→ **Task to carry out**
Restate all the lines below word for word, but omit the pictures.

═══ Data segment ═══

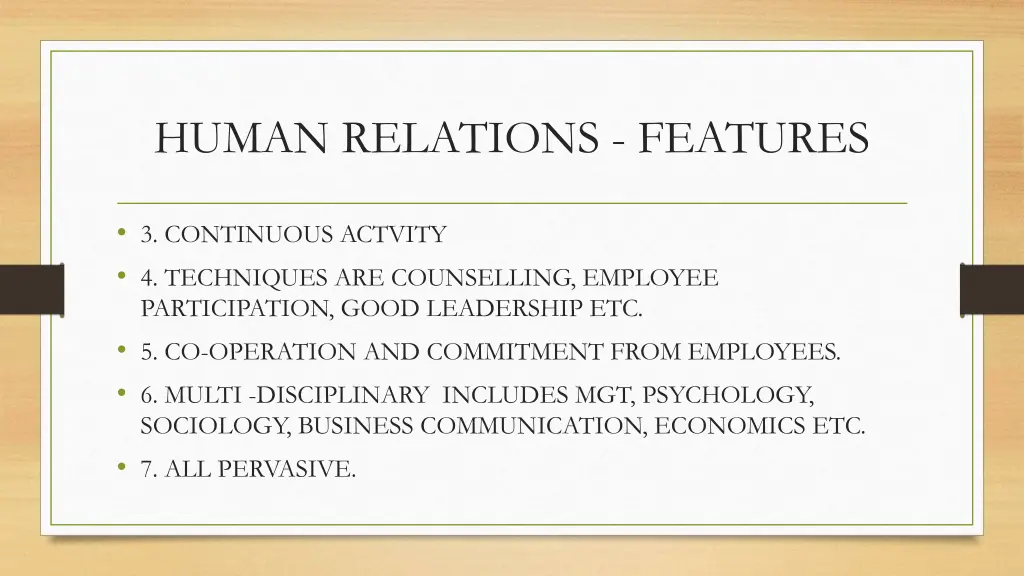 human relations features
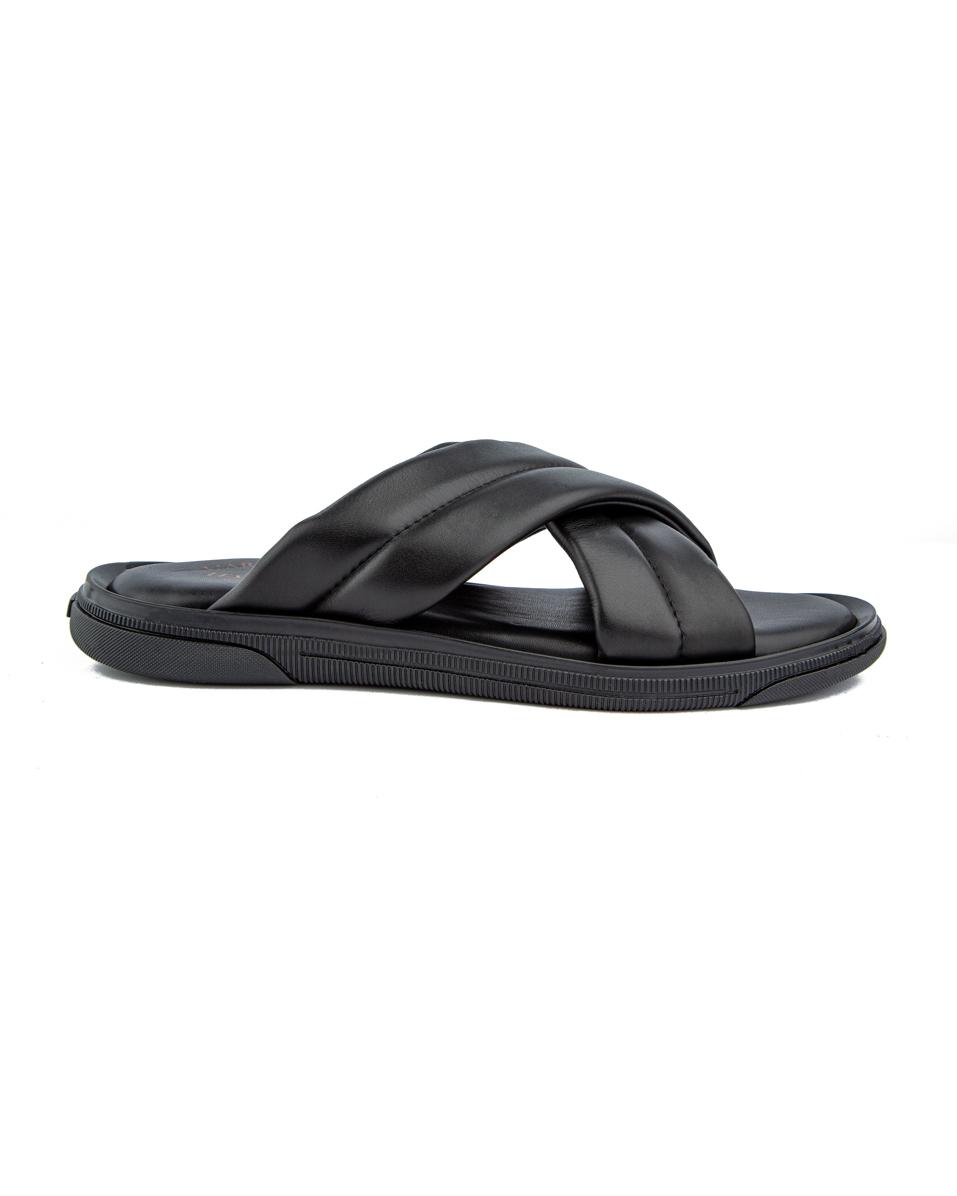 Men's black padded leather cross strap slide sandals.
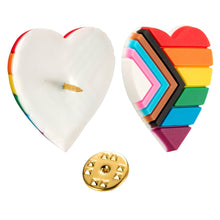 Load image into Gallery viewer, 25 Pack Daniel Quasar Progress Pride Heart Silicone Pins (25 Pins) - Fundraising For A Cause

═══

→ **Solution to the exercise**
 human relations features
 Men's black padded leather cross strap slide sandals.
 Load image into Gallery viewer, 25 Pack Daniel Quasar Progress Pride Heart Silicone Pins (25 Pins) - Fundraising For A Cause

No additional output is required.